[DATA FOR PROCESSING — start]

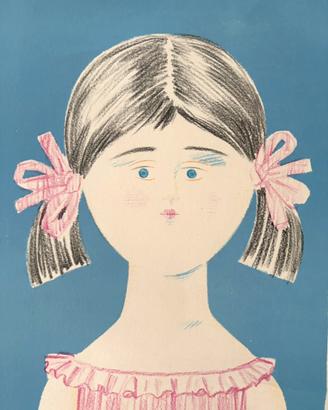 Antonio bueno litografia bambina in cornice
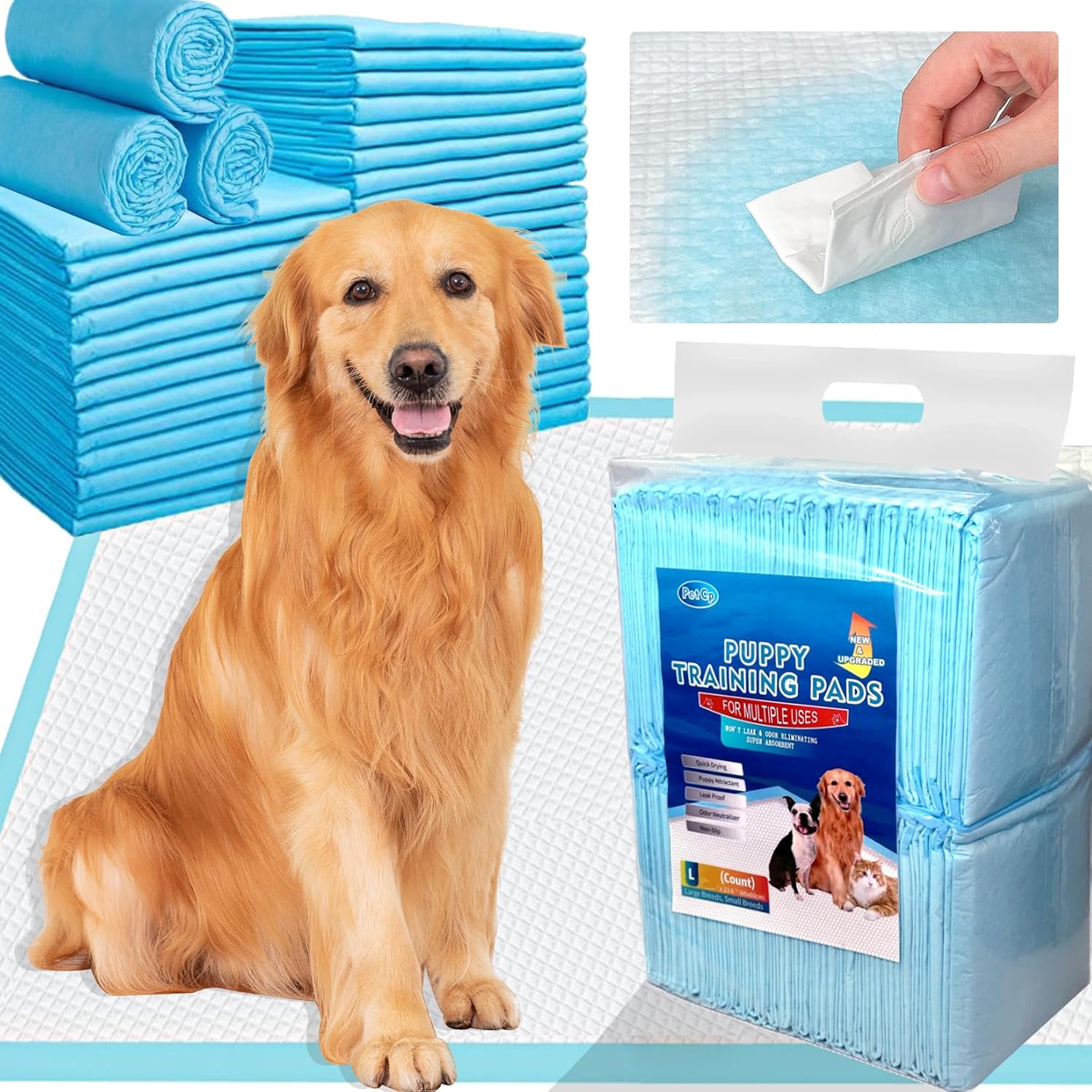 Dog Pad 6-Layer Super Absorbent, Dog Pee Pads 100 Counts , Leak-Proof Disposable Pet Training Pads, Quick Dry Pee Pads for Dogs Puppies Doggie Cats Rabbits Parrots, 12.9’’x17.7’’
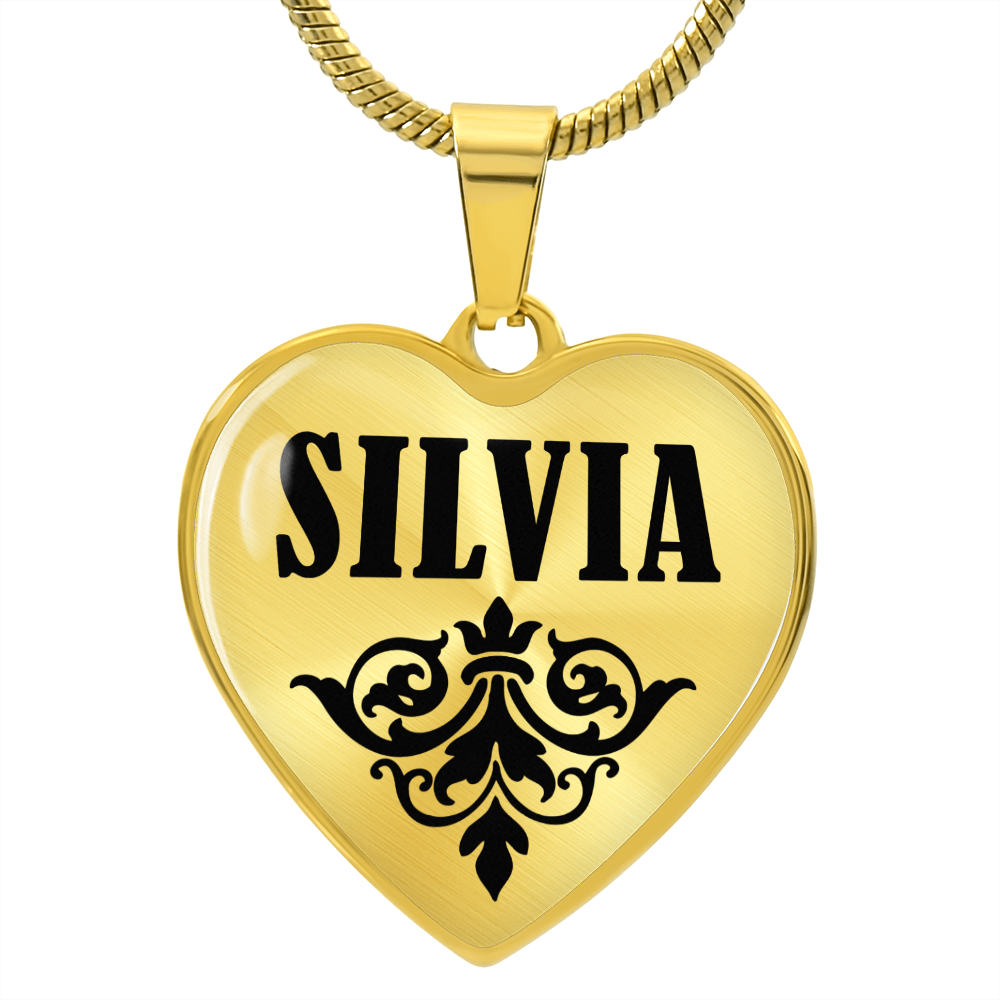 Silvia  v01 - 18k Gold Finished Heart Pendant Luxury Necklace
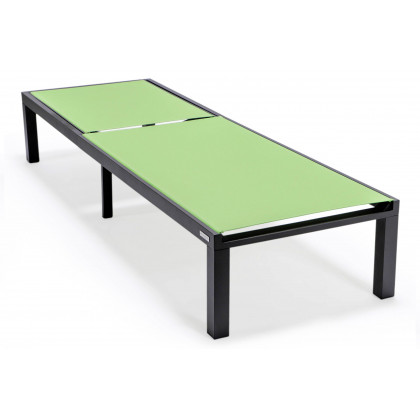 LeisureMod Marlin Patio Chaise Lounge Chair With Black Aluminum Frame - Green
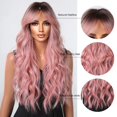 thumbnail image 3 of Pelucas sintéticas largas y rizadas con flequillo para mujer, peluca de Cosplay ondulada Afro, Negro, Rosa ceniza, cabello Natural para fiesta, resistente al calor, 3 of 4
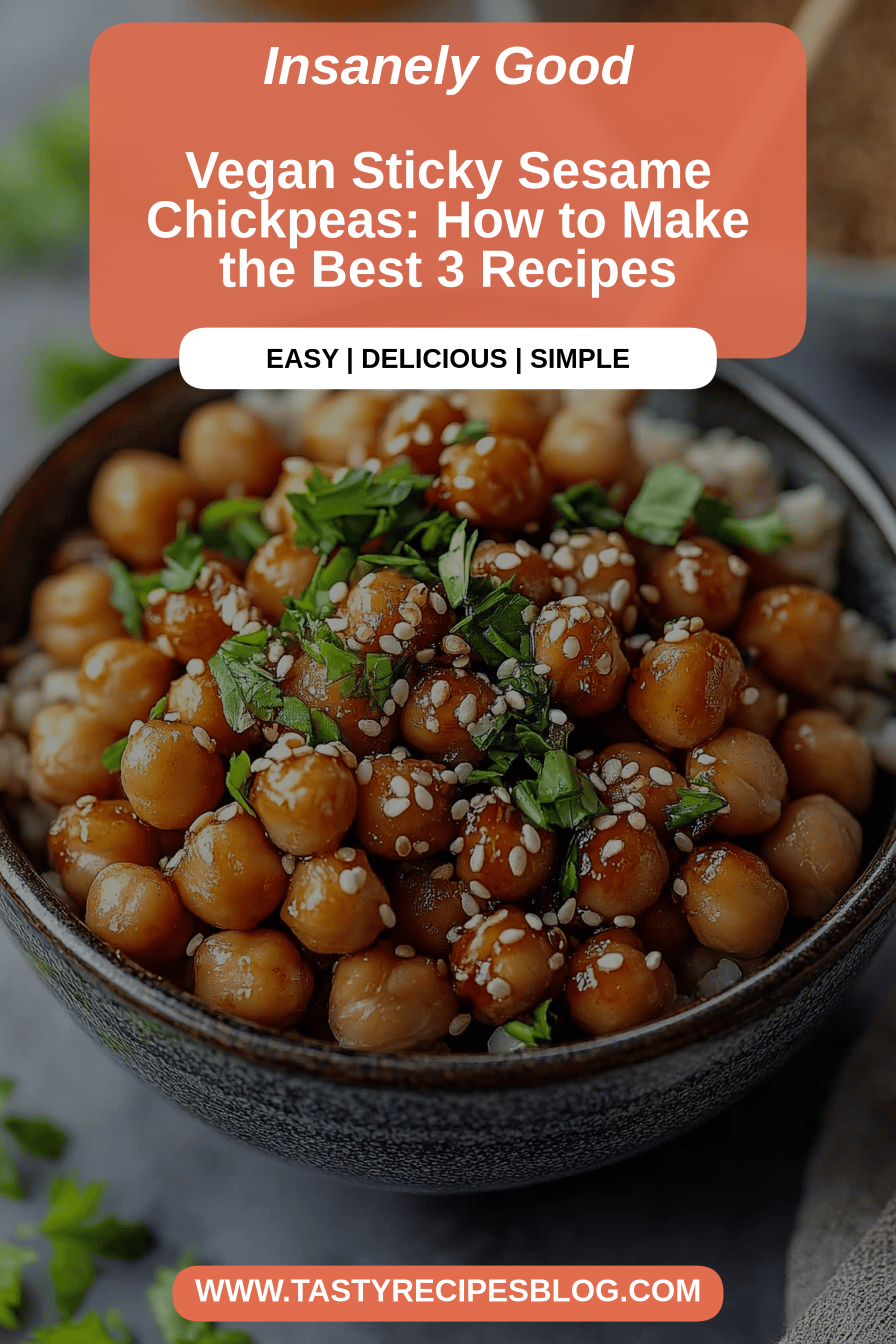 Vegan sesame chickpeas final dish beautifully presented and ready to serve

[DATA FOR PROCESSING — finish]

**TASK INSTRUCTIONS**
Exact copies of the lines from the one containing "thumbnail image 3" through the final line of the data are required; pictures are to be omitted.

**RESULT OF THIS EXERCISE**
 thumbnail image 3 of Pelucas sintéticas largas y rizadas con flequillo para mujer, peluca de Cosplay ondulada Afro, Negro, Rosa ceniza, cabello Natural para fiesta, resistente al calor, 3 of 4
 Vegan sesame chickpeas final dish beautifully presented and ready to serve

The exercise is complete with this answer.